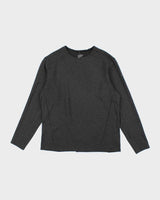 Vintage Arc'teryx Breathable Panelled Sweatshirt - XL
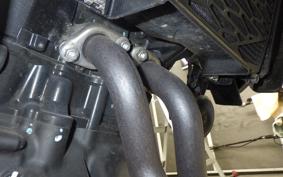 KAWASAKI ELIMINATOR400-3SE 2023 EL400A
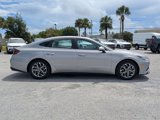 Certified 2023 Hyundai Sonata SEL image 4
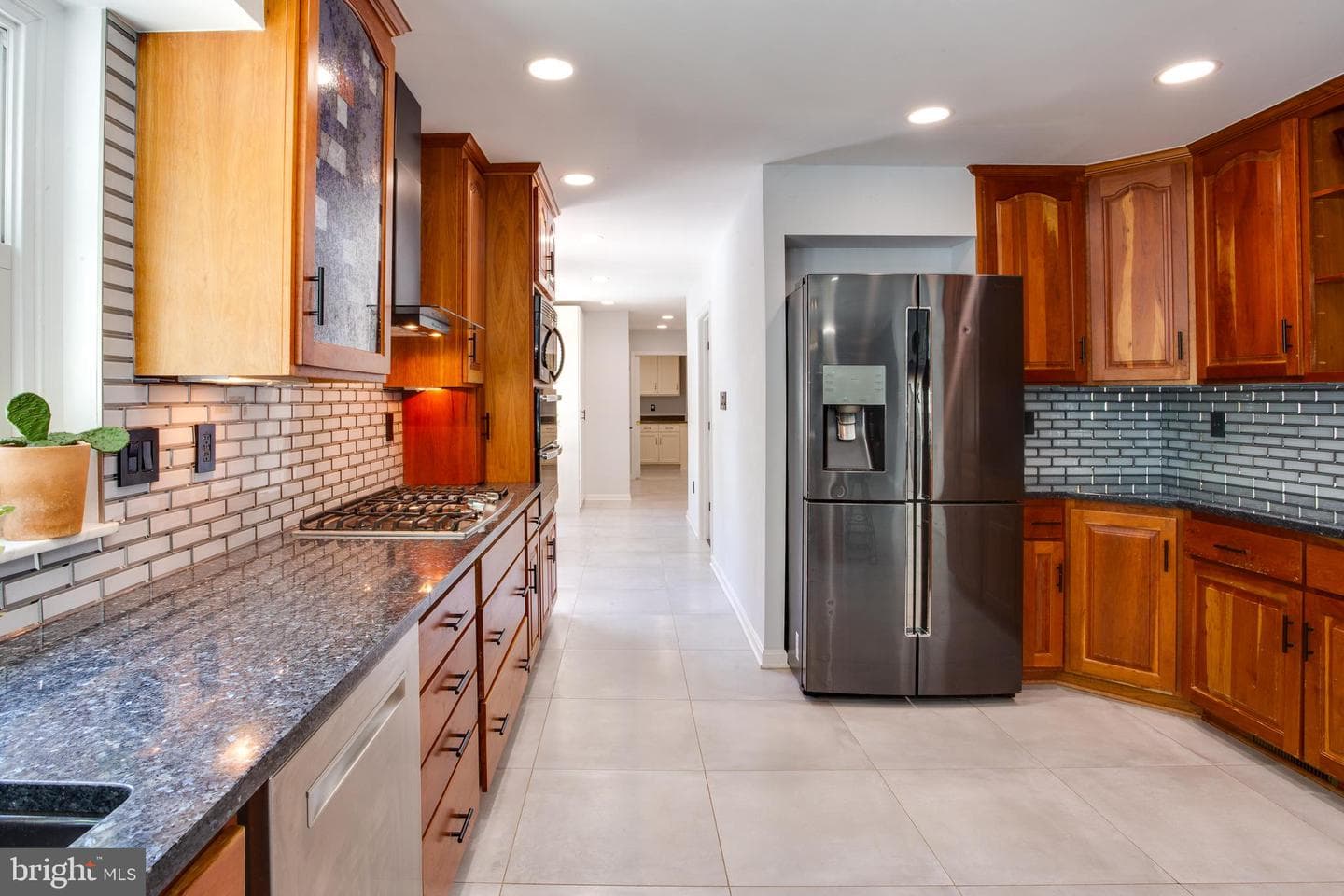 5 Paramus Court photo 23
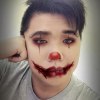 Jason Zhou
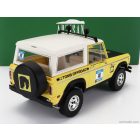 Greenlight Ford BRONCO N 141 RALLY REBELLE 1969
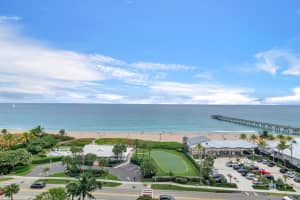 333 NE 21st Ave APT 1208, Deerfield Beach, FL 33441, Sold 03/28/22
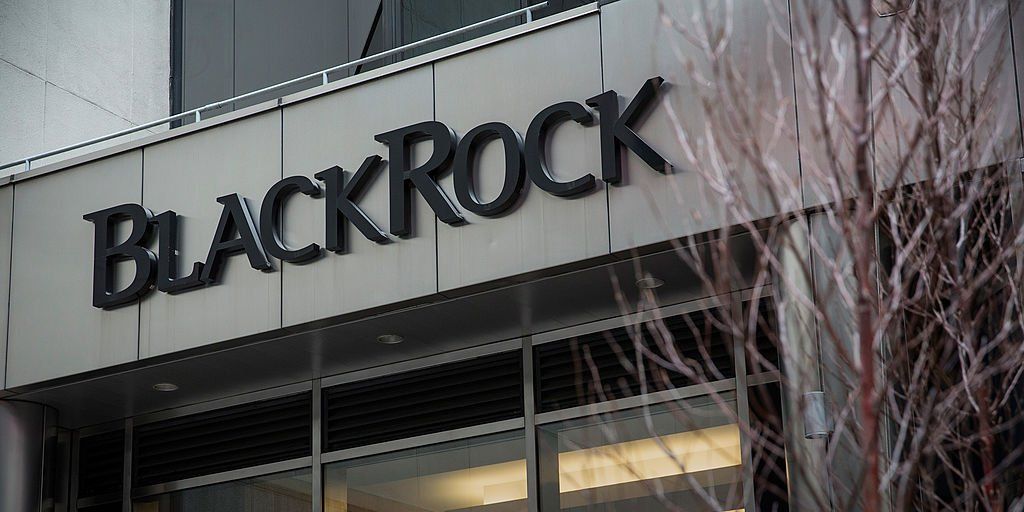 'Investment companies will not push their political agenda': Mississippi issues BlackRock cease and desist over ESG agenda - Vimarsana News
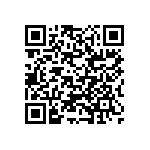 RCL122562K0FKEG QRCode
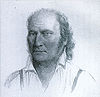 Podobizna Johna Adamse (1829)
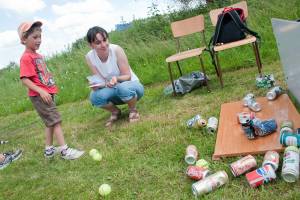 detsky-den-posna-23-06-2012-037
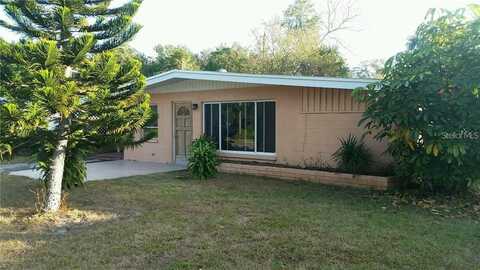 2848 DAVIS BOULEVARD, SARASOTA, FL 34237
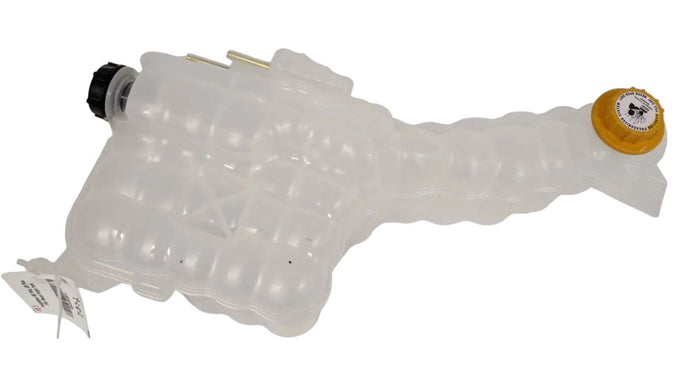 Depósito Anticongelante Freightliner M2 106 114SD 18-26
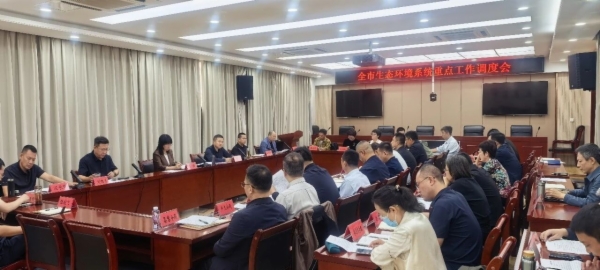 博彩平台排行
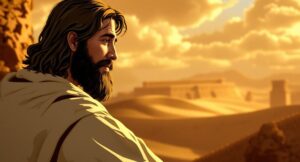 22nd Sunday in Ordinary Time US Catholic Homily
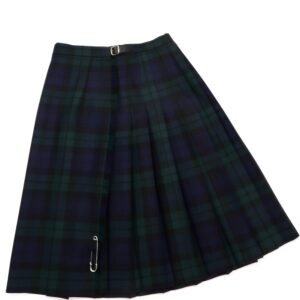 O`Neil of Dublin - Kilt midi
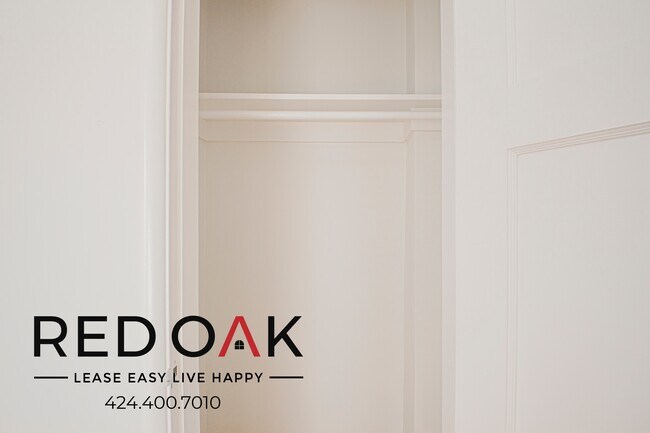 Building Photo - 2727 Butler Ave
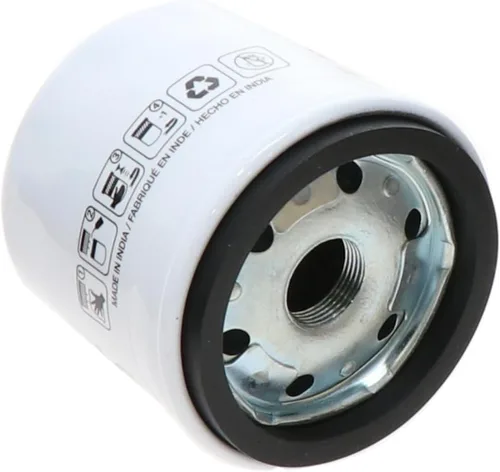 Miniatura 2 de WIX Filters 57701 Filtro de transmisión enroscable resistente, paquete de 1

■ Required action
Once the pictures are set aside, what is needed is the lines from the line with "RCL122562K0FKEG QRCode" through the end of the data, written out exactly and alone.

■ Answer for this exercise
 RCL122562K0FKEG QRCode
 Podobizna Johna Adamse (1829)
 detsky-den-posna-23-06-2012-037
 2848 DAVIS BOULEVARD, SARASOTA, FL 34237
 Depósito Anticongelante Freightliner M2 106 114SD 18-26
 博彩平台排行
 22nd Sunday in Ordinary Time US Catholic Homily
 O`Neil of Dublin - Kilt midi
 Building Photo - 2727 Butler Ave
 Miniatura 2 de WIX Filters 57701 Filtro de transmisión enroscable resistente, paquete de 1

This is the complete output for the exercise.